Rather than include a traditional I/O panel, BitFenix has developed an I/O box that sits on top of the case. Once open, you'll find the power and reset buttons along with a fan speed dial. There are also buttons to control the lighting, while USB 2.0, USB 3.0 and audio jacks are built into the walls of the box. Although we like this setup, the chrome buttons look tacky.
For a full tower, the Colossus is not overly expensive as prices start at $150 and range up to about $170. That cash gets you support for five 5.25" and seven 3.5" devices (the latter bays have native support for 2.5" drives).
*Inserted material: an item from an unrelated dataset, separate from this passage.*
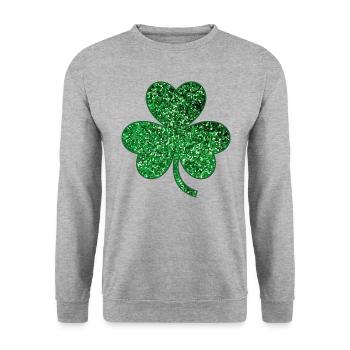 Jour de la Saint-Patrick, Irlande, Irlande, trèfle, paillettes - Sweat-shirt Unisexe - gris chiné - Devant - Alina (178cm) & Michal (187cm)
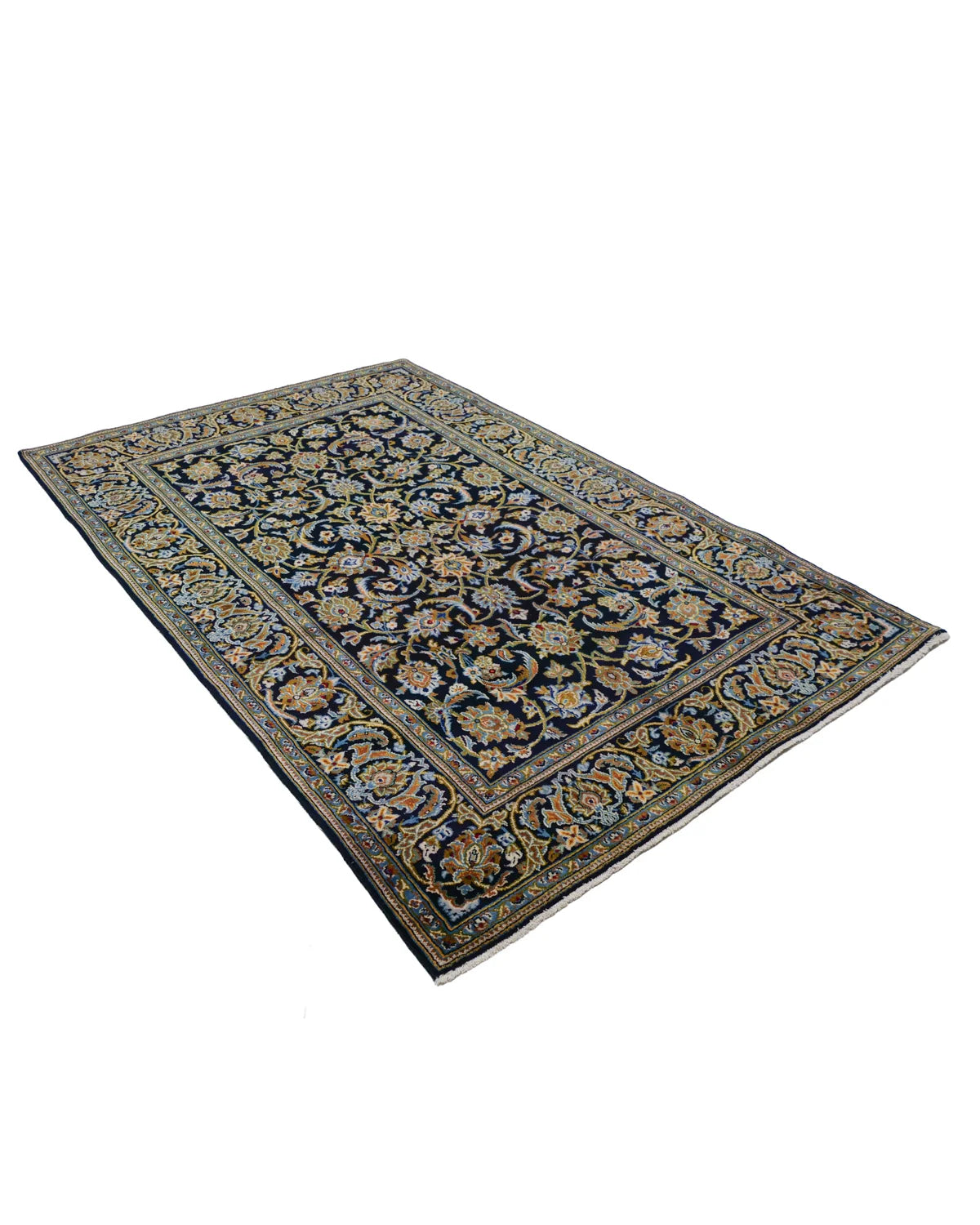 ペルシャ絨毯 カシャーン産 ウール 138×210cm 青 リビング 手織り ペルシャ絨毯 カシャーン産 ウール 138×210cm 青 リビング 手織り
You'll also find eight tool-less expansion slots which make it a breeze to install and remove graphics cards and other such products.
Cooling includes a huge front-mounted 230mm intake fan along with a 230mm exhaust fan lodged in the top of the case. Additionally, you can install an optional 120/140mm fan at the rear and bottom of the case to help improve airflow. There's also a great deal of cable management and loads of room behind the non-removable motherboard tray to stow excess wires.
Although the Colossus' wire routing works alright overall, the rubber grommets in the motherboard tray holes are a real pain as they constantly fall out when trying to feed cables though them. BitFenix has also included a large cut out in the motherboard tray for rear access to the CPU socket for installation of high-end cooling solutions -- a mainstay of modern enthusiast cases.